Action item - Since pictures are not wanted in the copy, output only the rest of each record exactly.

Dataset excerpts -
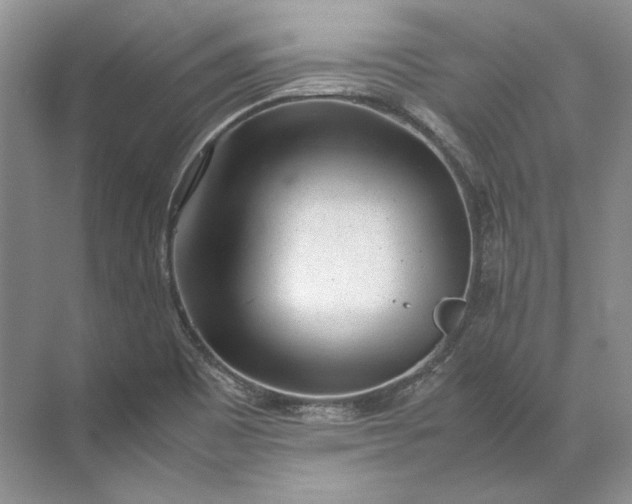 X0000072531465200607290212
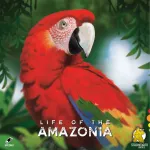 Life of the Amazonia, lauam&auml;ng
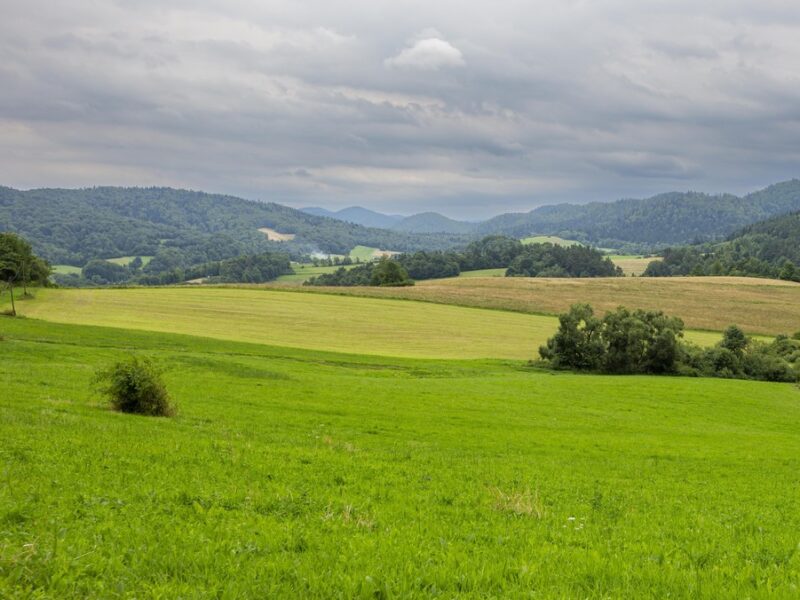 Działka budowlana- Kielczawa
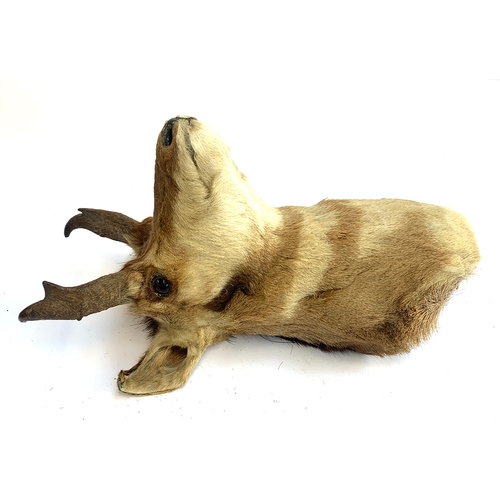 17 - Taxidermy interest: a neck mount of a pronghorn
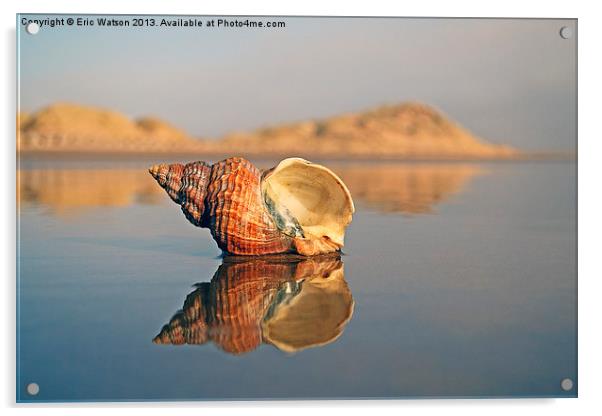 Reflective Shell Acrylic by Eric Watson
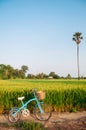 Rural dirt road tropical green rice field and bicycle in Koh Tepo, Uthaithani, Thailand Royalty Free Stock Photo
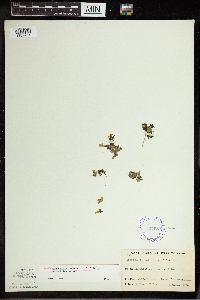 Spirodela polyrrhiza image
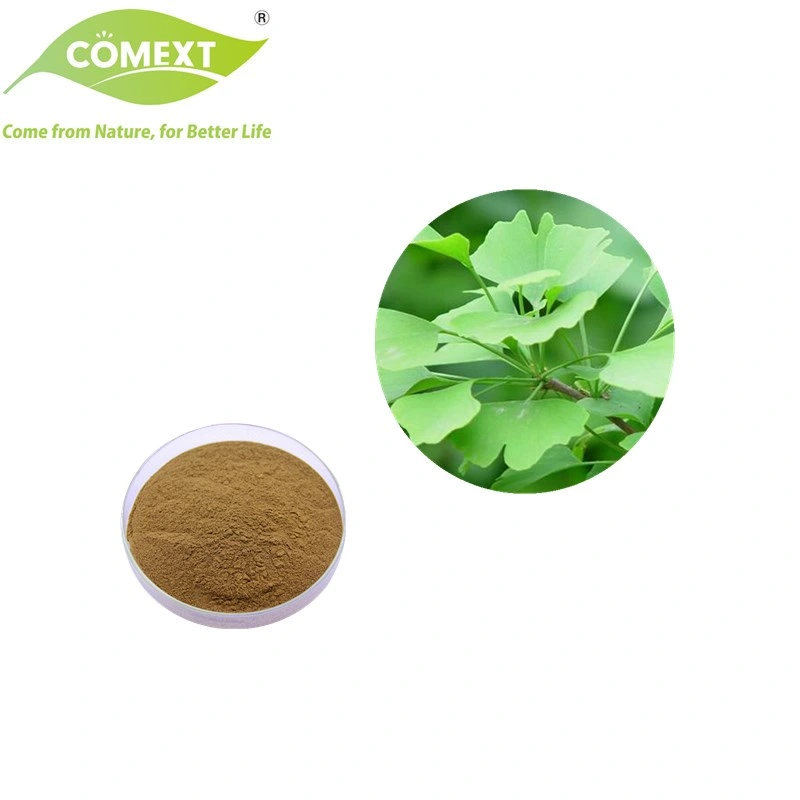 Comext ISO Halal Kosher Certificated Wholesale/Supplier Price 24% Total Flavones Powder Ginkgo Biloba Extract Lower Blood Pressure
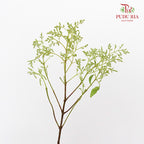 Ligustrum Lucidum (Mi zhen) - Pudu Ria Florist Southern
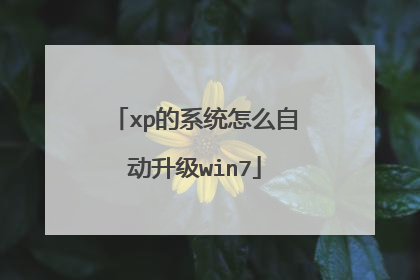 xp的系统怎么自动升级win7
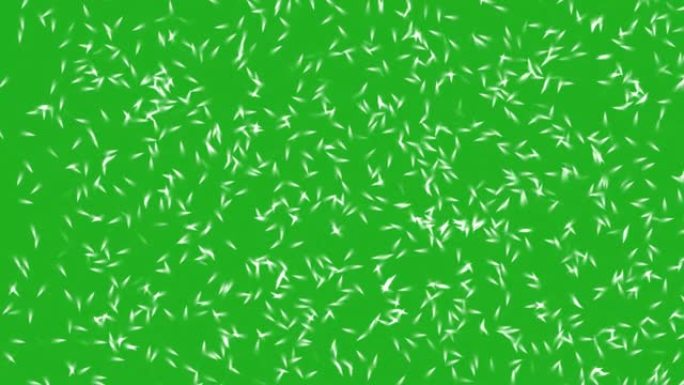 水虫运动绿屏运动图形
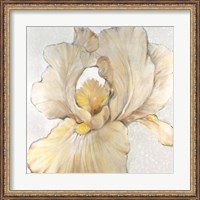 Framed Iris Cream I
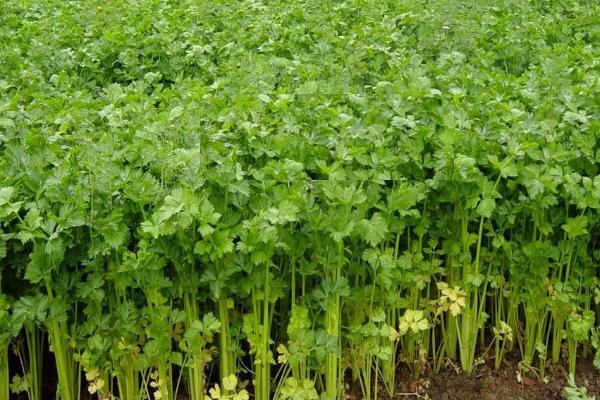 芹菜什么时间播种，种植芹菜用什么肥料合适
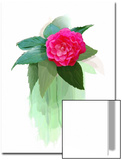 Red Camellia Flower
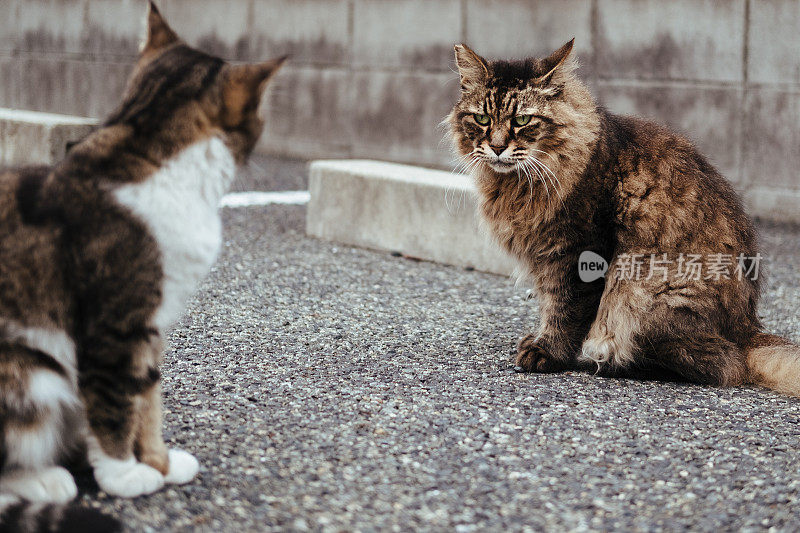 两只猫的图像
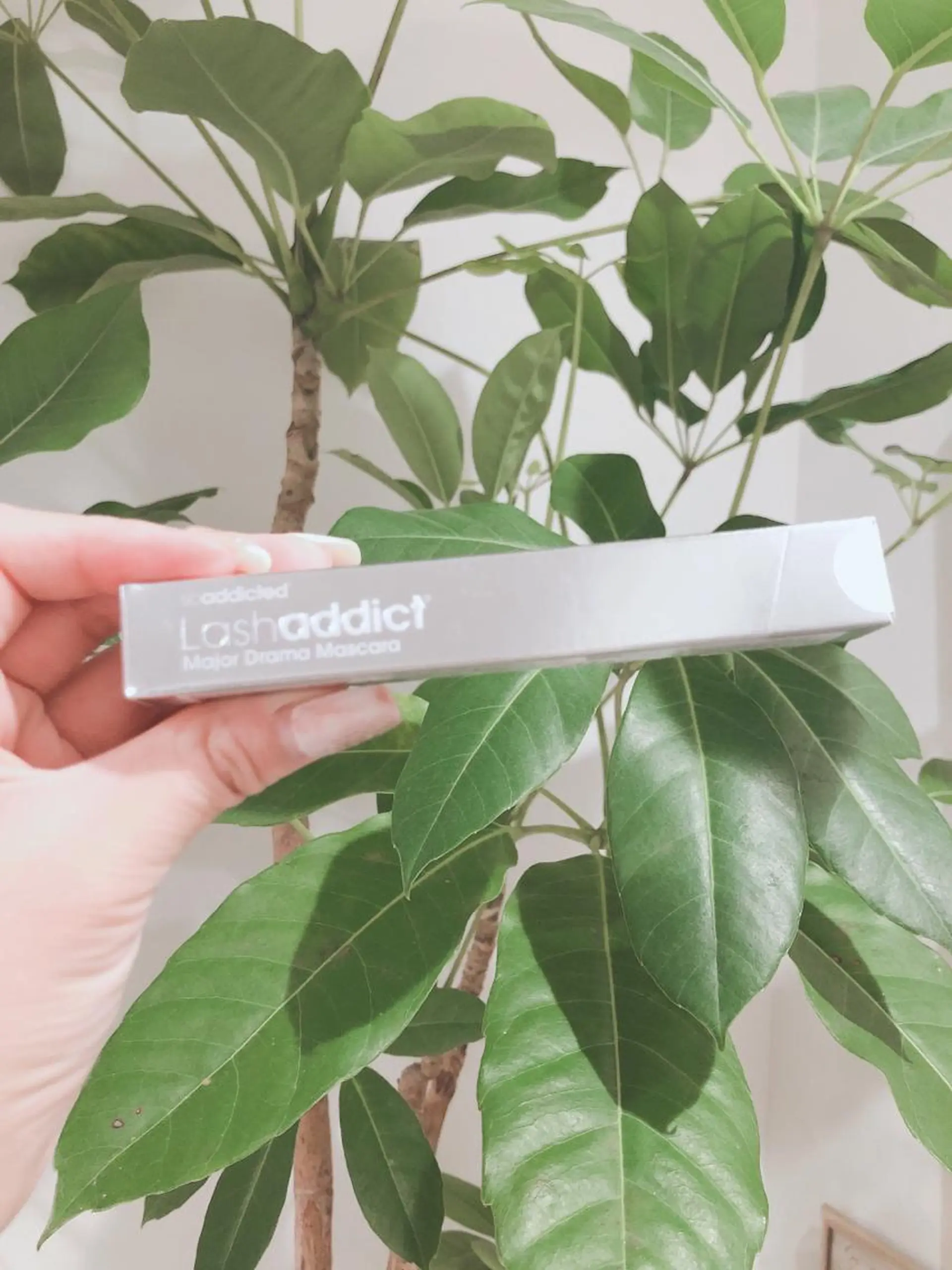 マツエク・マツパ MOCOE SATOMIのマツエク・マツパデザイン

Solution below -
 X0000072531465200607290212
 Life of the Amazonia, lauam&auml;ng
 Działka budowlana- Kielczawa
 17 - Taxidermy interest: a neck mount of a pronghorn
 Reflective Shell Acrylic by Eric Watson
 Rural dirt road tropical green rice field and bicycle in Koh Tepo, Uthaithani, Thailand Royalty Free Stock Photo
 Spirodela polyrrhiza image
 Comext ISO Halal Kosher Certificated Wholesale/Supplier Price 24% Total Flavones Powder Ginkgo Biloba Extract Lower Blood Pressure
 Ligustrum Lucidum (Mi zhen) - Pudu Ria Florist Southern
 xp的系统怎么自动升级win7
 水虫运动绿屏运动图形
 Framed Iris Cream I
 芹菜什么时间播种，种植芹菜用什么肥料合适
 Red Camellia Flower
 两只猫的图像
 マツエク・マツパ MOCOE SATOMIのマツエク・マツパデザイン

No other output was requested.